Right, so what incident angle maximises it? (This is not a local maximum. The slope is never 0.)

Taking n(λ)=1, the plot suggests it would be as larger an incident angle (x) in the plot as possible, which would be parallel to the boundary. But that's beyond the critical angle (and light along the boundary wouldn't be refracted or reflected, I don't think).

I also realized when trying to plot for larger n(λ) values, as it should be, that the incident angle must decrease as n(λ) does ot else you get negative square roots.
This doesn't make sense to me cause there shouldn't be restrictions on the incident angle.

 

[UltrafastPED]

Max dispersion occurs as you near the critical angle.

 

[chipotleaway]

So the best angle of dispersion is 'infinitely' close to the critical angle..?

 

[UltrafastPED]

Test your hypothesis!

 

[haruspex]

Taking n(λ)=1, the plot suggests it would be as larger an incident angle (x) in the plot as possible, which would be parallel to the boundary. But that's beyond the critical angle (and light along the boundary wouldn't be refracted or reflected, I don't think).

No, don't set n(λ)=1. That's what gave you a result beyond the critical angle.

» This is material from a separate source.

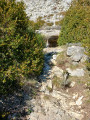 Entrée de N-D de Calern
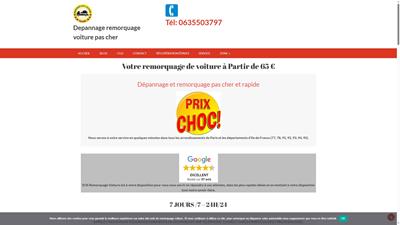 SOS dépannage voiture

Look at this again:
\frac{sin(\theta_1)}{\sqrt(1-(n(\lambda)sin(\theta_1))^2)}\frac{dn(\theta_2)}{d\theta_1}.
As $\theta_1$ approaches the critical angle, what value does its sine tend to? What does that do to the denominator?

 

[chipotleaway]

is that an error in your derivative term?

letting the incident angle approach the critical angle which is arcsin(\frac{1}{\lambda}[\itex], i get a 0 in the square root and 1/n in the numerator. (from evaluating the limit)

 

[haruspex]

is that an error in your derivative term?

Sorry, yes. The last bit should be dn/dλ, but it isn't important.

letting the incident angle approach the critical angle which is arcsin(\frac{1}{\lambda}[\itex], i get a 0 in the square root and 1/n in the numerator. (from evaluating the limit)

<br /> Exactly. So, as θ₁ increases towards the critical angle, the dispersion increases without limit. The maximum is therefore at the critical angle.

 

[chipotleaway]

Thank you!

 

[haruspex]

Thank you!

You're welcome. Reaching for d/dx = 0 to find an extremum without thinking about absolute extrema is an easy trap to fall into. I went that way at first on this problem too.